The rise and fall of the global climate polity

Corry, Olaf (2013). The rise and fall of the global climate polity. In: Strippel, Johannes and Bulkeley, Harriet eds. Governing the Climate: New Approaches to Rationality, Power and Politics. Cambridge: Cambridge University Press, pp. 219–234.


Whereas most of the chapters go ‘down’ to the micro-practices of climate governance, this chapter aims to take a step ‘up’ to elucidate a clearer picture or model of what a global climate polity is in terms of its totality: how are the elements of a global polity structured and what makes a polity a polity? In this chapter, first the question of whether analysis of localized governmental techniques needs an accompanying consideration of a bigger picture or context is considered.
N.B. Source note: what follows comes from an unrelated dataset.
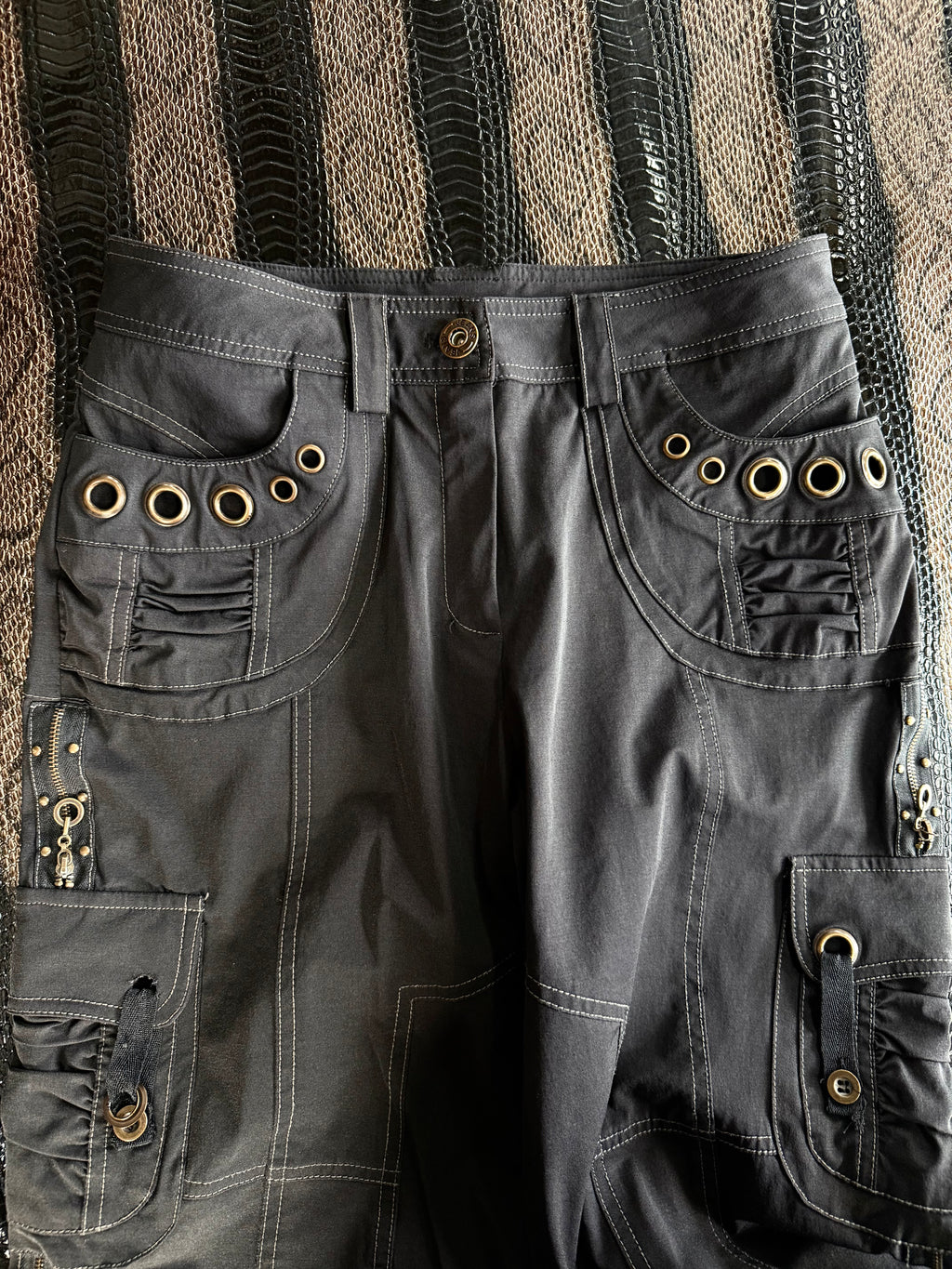 440626BAD2WEAR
Next the global climate polity is theorised beyond the models of hierarchy and anarchy using a generic theory of what constitutes a polity via an elaboration of Foucault’s ideas about how changing objects of governance become central to political entities. The third part looks back briefly asking when a global climate polity thus conceived could be said to have evolved. The final section peers forwards to consider differing visions of the demise of the global climate polity as we know it: will it be superseded by a more encompassing ‘Earth System polity’ centered on governing not only the climate but also other interrelated geophysical systems? Or could it splinter as it is recognized that the climate is too complex and feral to be a governable object?